In this episode, Ragnar talks with Patrice van Ackere, French cuisine expert. Patrice and his wife Christine have published a book entitled Menaces sur la Gastromonie Français, which translates to Threats to the French Gastronomy. For centuries, French cuisine has reigned supreme. Has that era come to an end? Many say yes, and Patrice and Christine contend that French gastronomy is under threat.
Is French cuisine fading? It may be controversial, but that potential to incite conversation was part of the authors’ design. The aim of their book is to stimulate both broad debate and to demonstrate how economic, technical, sociological and international data has a fluid impact on the future of French gastronomy, especially in the post-health crisis context.
Just as interesting as this debate is the resume of our guest. Patrice self-defines as a passionate rather than a professional culinarian. He studied political science, pursed law school, and bolstered his training at the Ecole Nationale d’Administration and Institut des hautes Etudes de Defense Nationale. Both Patrice and his wife Christian, having had some exposure to working in hospitality, carry insights into the lives of industry professionals, “what daily problems are and how to cope with it,” as Patrice says. Christine had professional experience as a cook, and he as a waiter, but Patrice’s more formal entry into culinary arts came in the form of judging on culinary juries for culinary competitons, both in France and at culinary schools in the UK.
Patrice and his wife are home cooks, with an estimated 20,000 hours spent together in the kitchen. They’ve traveled the world with a food focus, “discovering people and discovering nations and their culture in terms of gastronomy,” Patrice explains. This interest in observing national cuisines informed their approach and spurred the start of a new direction: writing.
Christine and Patrice’s 2nd book: Menaces sur la Gastronomie Française.
In May 2020, Le Figaro published an article they penned “to bring some support to the profession and to suggest a global approach of gastronomy that includes, production, distribution, export, and so on.” The article’s reception only strengthened Patrice and Christine’s conviction to studying the subject with a comprehensive approach to gastronomy.

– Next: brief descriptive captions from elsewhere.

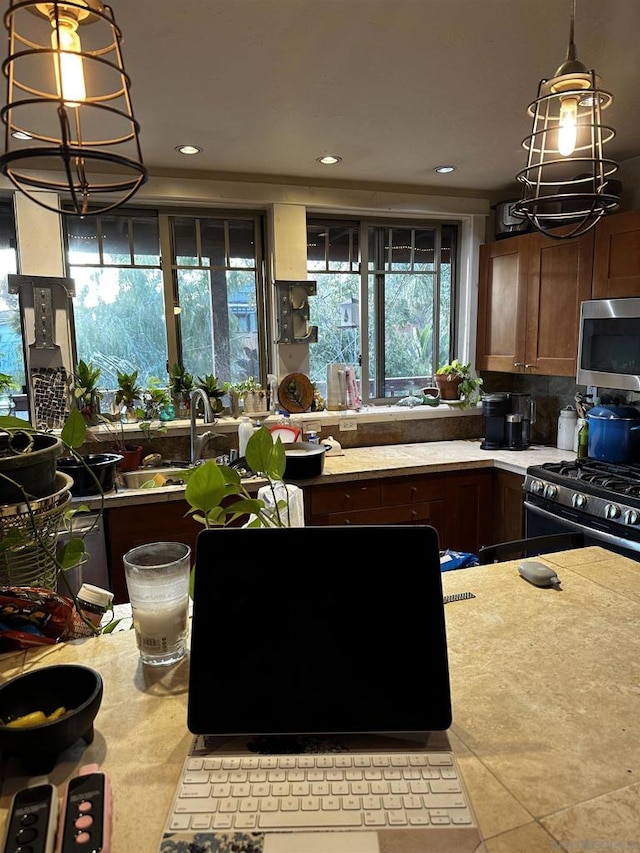 kitchen featuring a wealth of natural light and appliances with stainless steel finishes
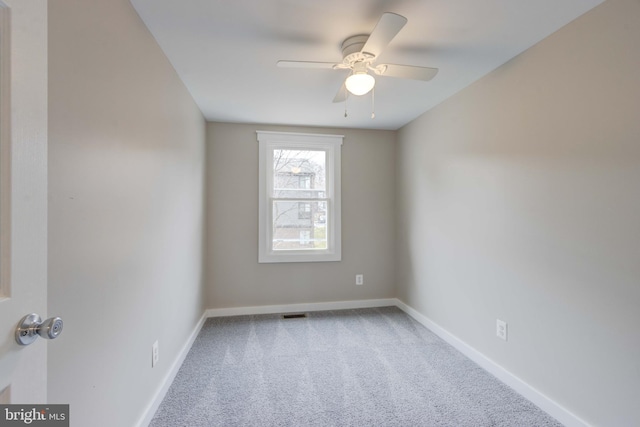 unfurnished room featuring baseboards, a ceiling fan, and carpet flooring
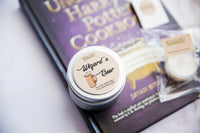 image of travel-sized candle in tin. The candle is closed and the label name of "Wizard's Beer" is visible. 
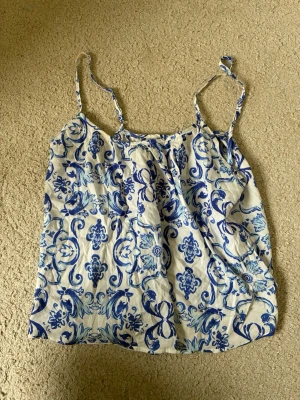 Vit och blå mönstrad topp Primark -  luftig vit blus  från Primark med blått blommigt  mönster💕. Toppen har tunna axelband och en avslappnad passform. Missfärgning på baksidan av toppen. Passar mig som har storlek S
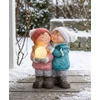 Kép 2/2 - Figura MagicHome, karácsonyi, fiú és lány hógömbbel, 1 LED, kerámia, 27,5x23x40 cm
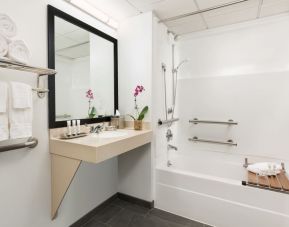Private guest bathroom with bath and shower at Hotel Studio Allston.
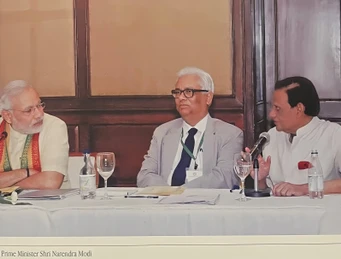 Ajay Rungta in a suit and tie, seated between Prime Minister Narendra Modi and another man at a conference table.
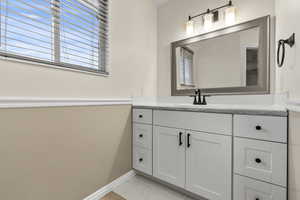 Bathroom featuring vanity and light tile patterned floors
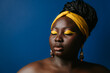 © gstockstudio - Portrait of gorgeous plus size African woman with beautiful make-up and standing on blue background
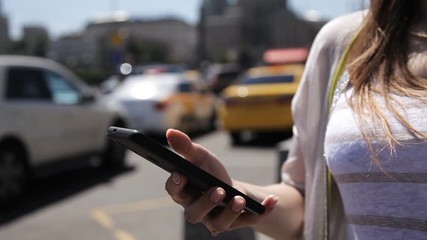 A girl uses a mobile phone on the street on a sunny day against the background of a passing car stream.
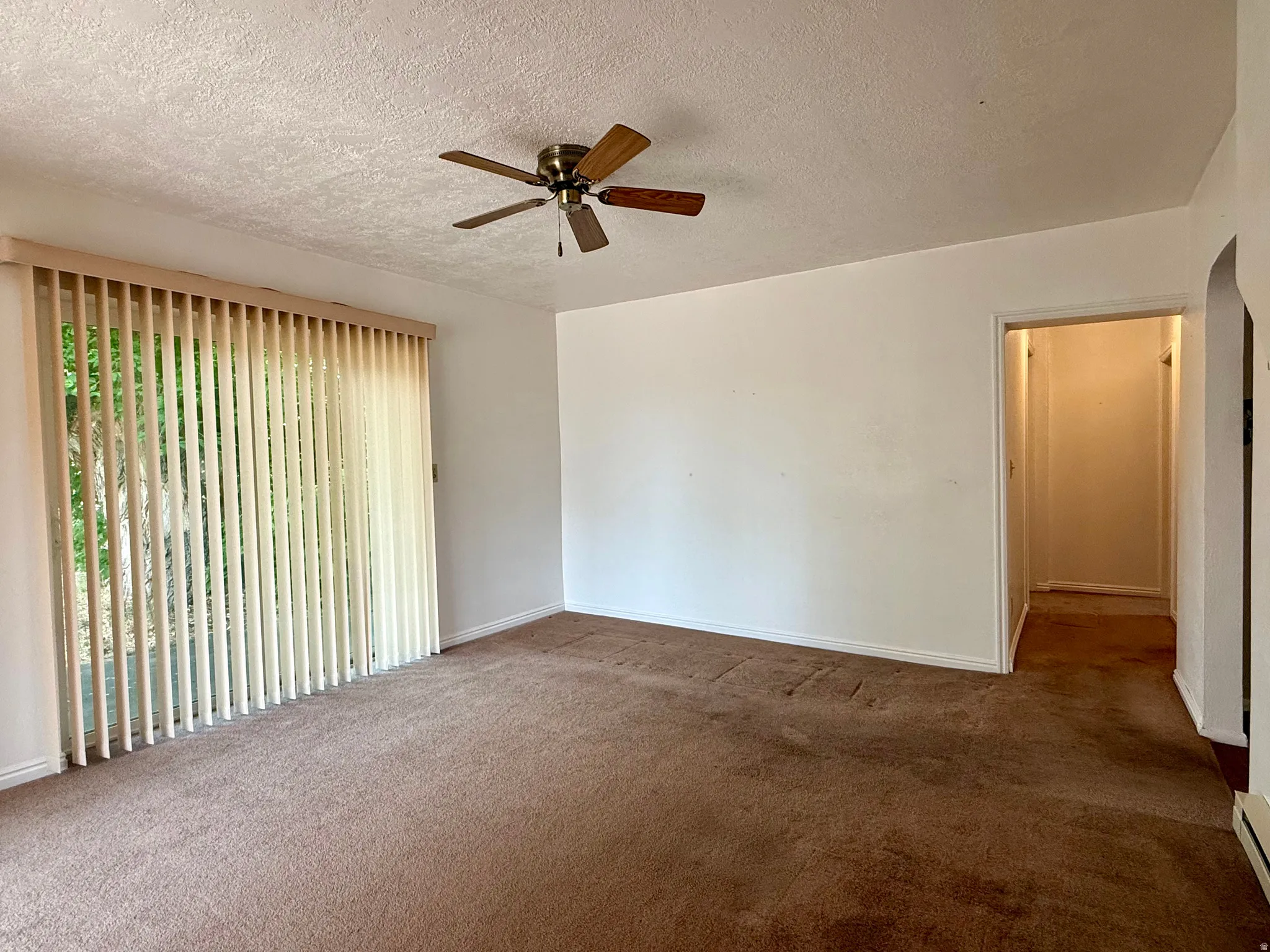 Living area featuring a sliding glass door with vertical blinds, brown carpeting, a ceiling fan with wood-finish blades, white painted walls, and a textured ceiling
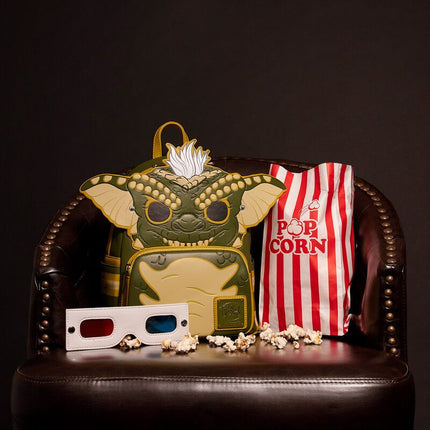 POP! Gremlins Stripe Cosplay Glow In The Dark Mini Backpack- pictured with popcorn at movie theatre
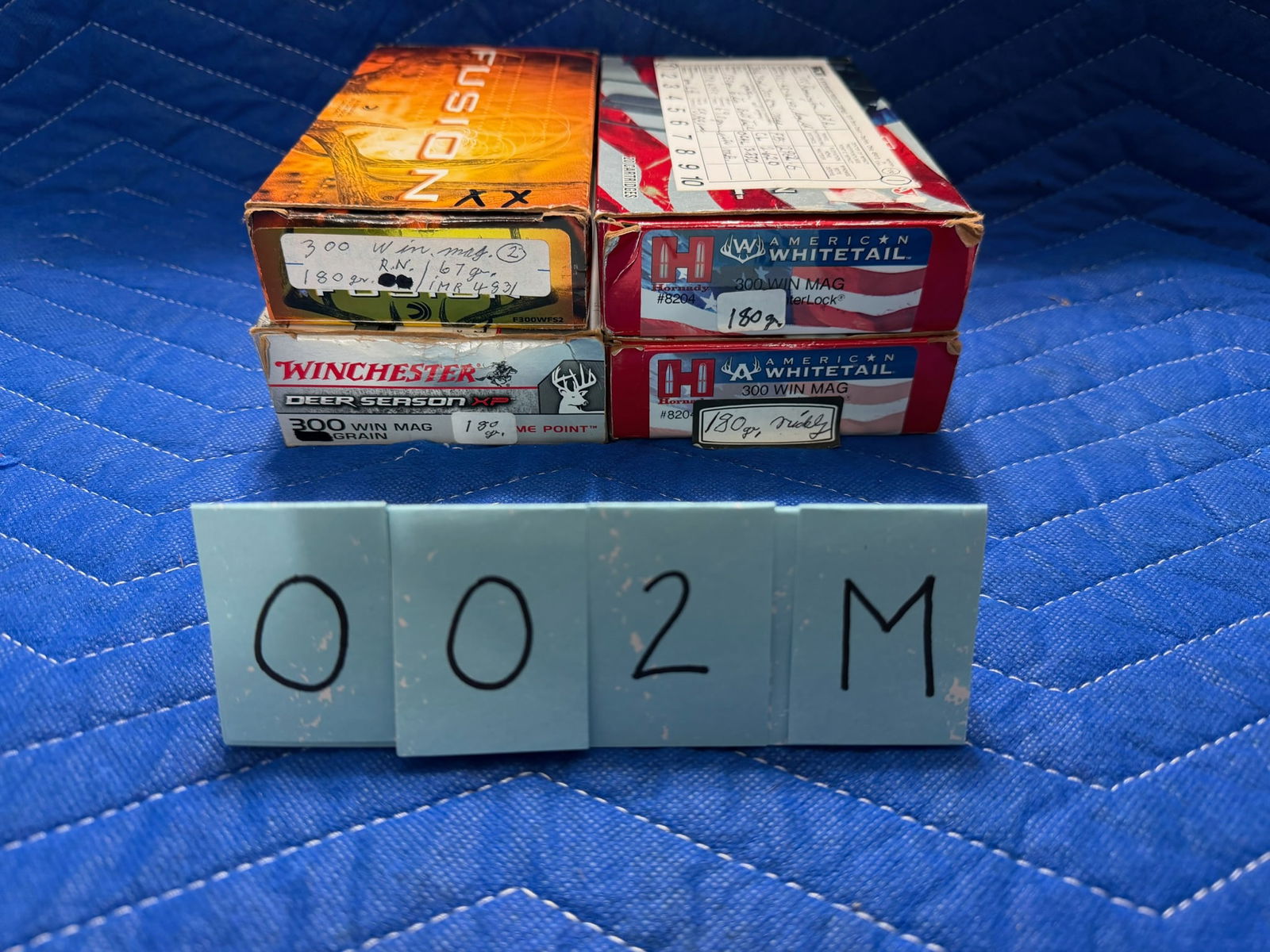 300 Winchester Magnum Ammo: 300 Winchester Magnum ammunition. Four boxes of reloads. 180 grain. 75 rounds. See photos.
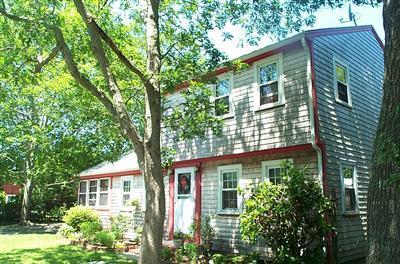 38 Bumpus Road Hyannis, MA 02601 - Photo 3 of 4 a front view of a house with garden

The threat to French cuisine’s longheld place at the top of the gastronomic hierarchy is twofold, and both threats are not easy to describe, Patrice explained. First: other countries are catching up. “There is the rise of new competitors from a large number of countries. If you look at Spain, for instance, at the UK, Germany, Scandinavian countries, Netherlands, Belgium, Switzerland… you will find that a growing number of chefs, very top-quality chefs are arising everywhere.
If you look at the number of Michelin stars, you will see that nowadays there are countries like Japan with three times the number of stars than you can find in France. If you compare with a ratio according to the population that Belgium or the Netherlands have more starred restaurants than France.
This means that more and more chefs from foreign countries do not consider any more that a passage through a French restaurant as compulsory.” Patrice suggests that whereas time in a true French kitchen was once the optimity of professional experience, more and more chefs are looking to restaurants in London, New York, and Tokyo to bolster their resumes and find work.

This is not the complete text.